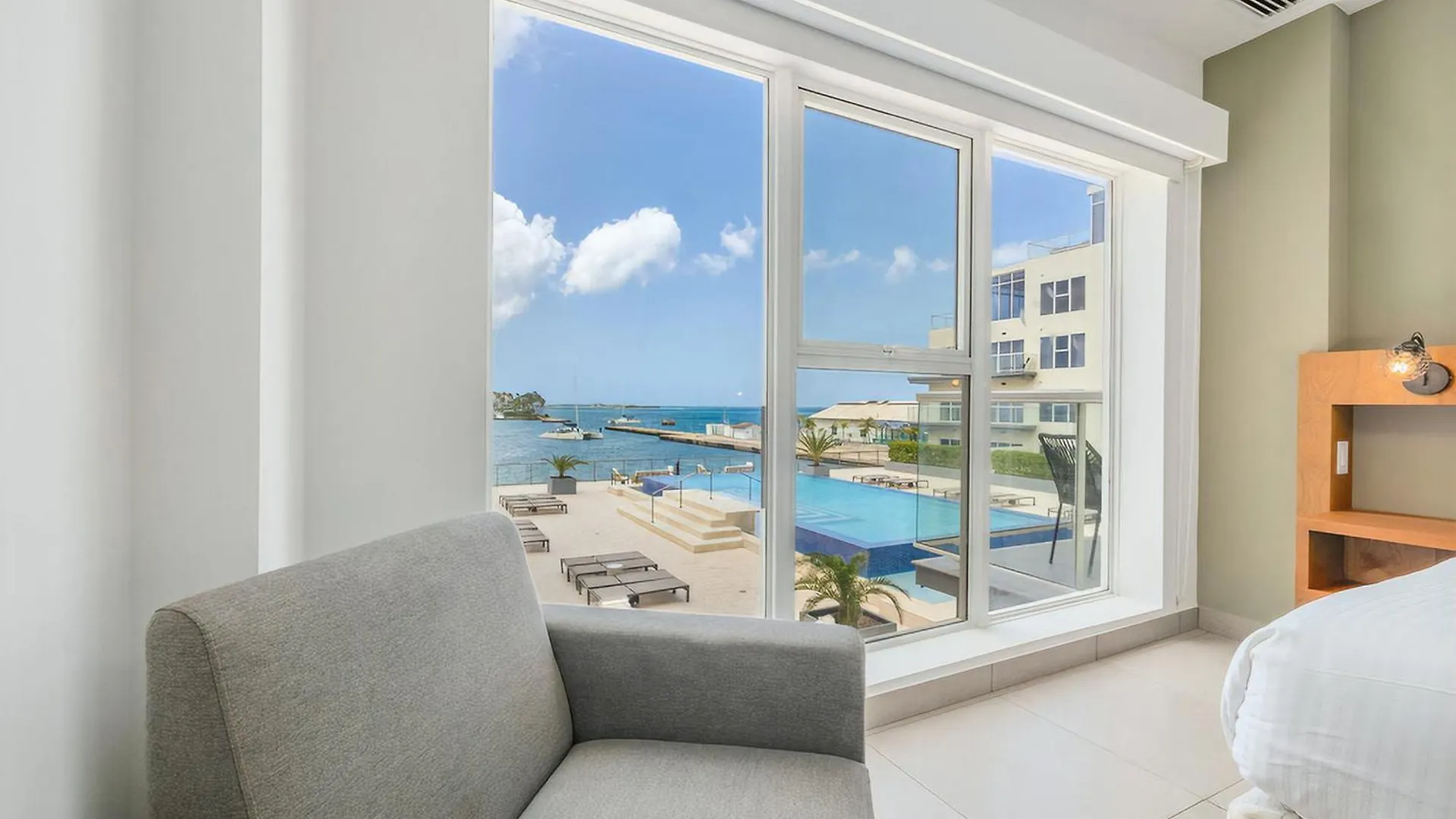 As Good As Dark Chocolate Apartment Oranjestad Aruba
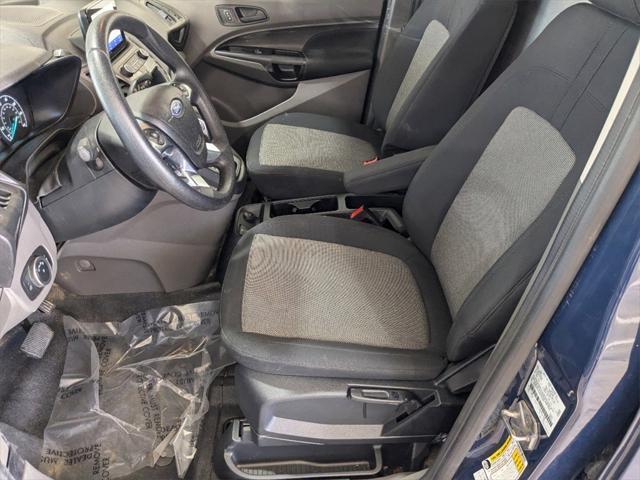 used 2022 Ford Transit Connect car, priced at $27,200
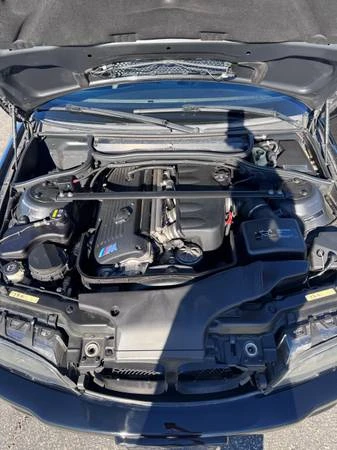 2004 BMW E46 M3 - Image 9 of 21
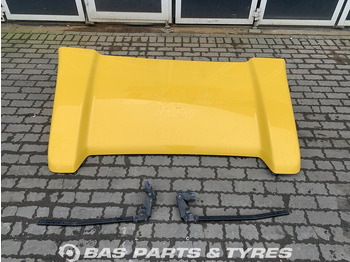 Aerodinamika/ Spoileris VOLVO FH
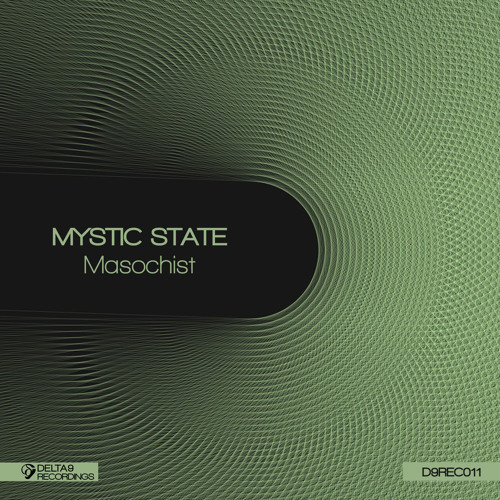 Mystic State - Wormhole [D9REC011]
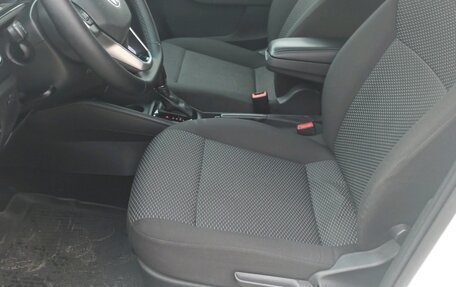 Volkswagen Polo VI (EU Market), 2022 год, 1 430 000 рублей, 6 фотография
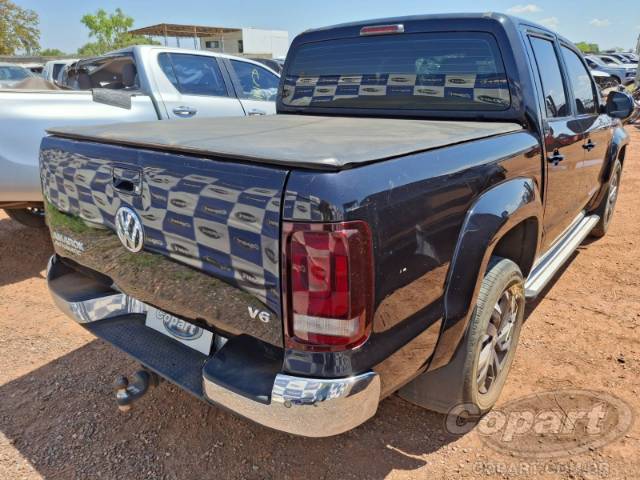 2023 VOLKSWAGEN AMAROK 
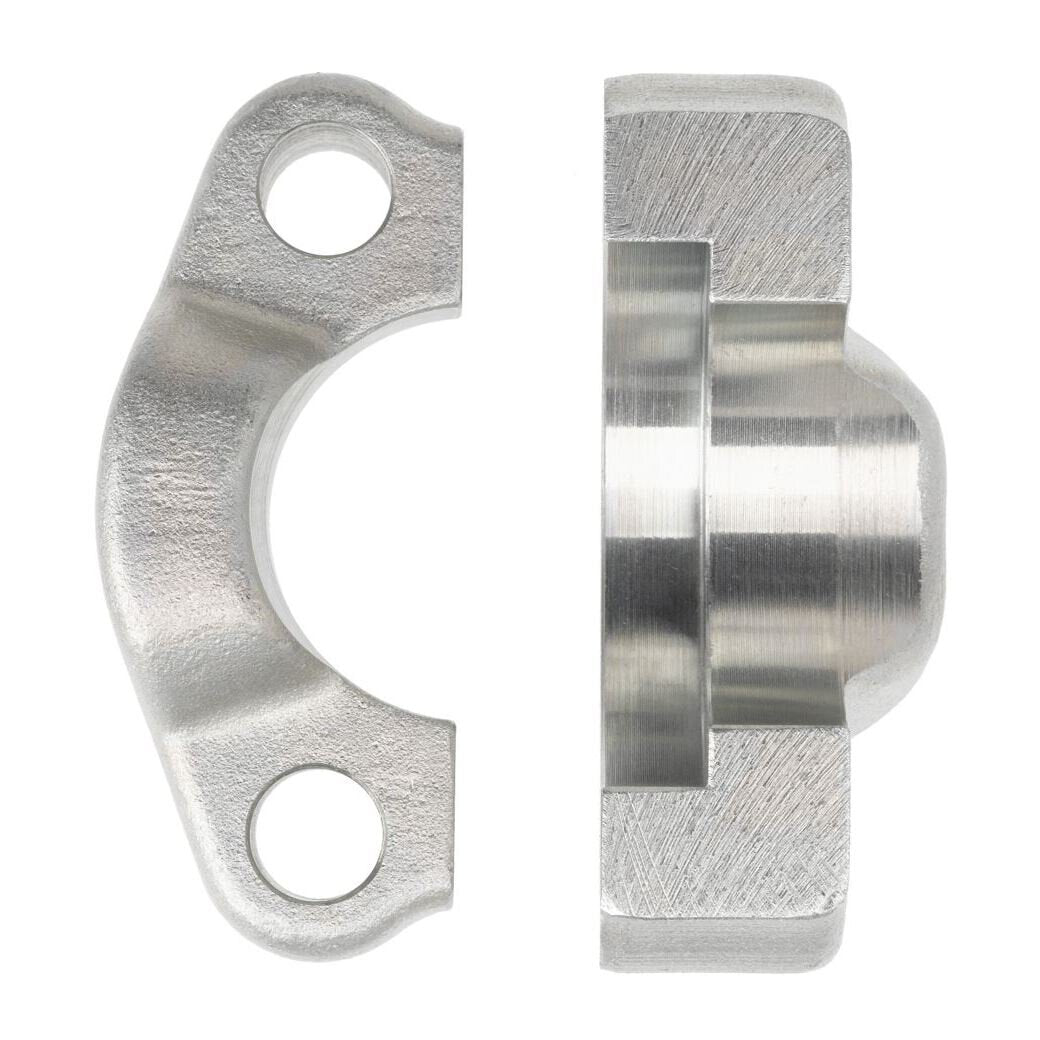 Brennan 1951-08-H 08 Code 61 Split Flange (1) Half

[Problem details]: In your copy of the entries above, keep the text exact and leave out the pictures.

[Answer for this exercise]:
 As Good As Dark Chocolate Apartment Oranjestad Aruba
 used 2022 Ford Transit Connect car, priced at $27,200
 2004 BMW E46 M3 - Image 9 of 21
 Aerodinamika/ Spoileris VOLVO FH
 Mystic State - Wormhole [D9REC011]
 Volkswagen Polo VI (EU Market), 2022 год, 1 430 000 рублей, 6 фотография
 2023 VOLKSWAGEN AMAROK 
 Brennan 1951-08-H 08 Code 61 Split Flange (1) Half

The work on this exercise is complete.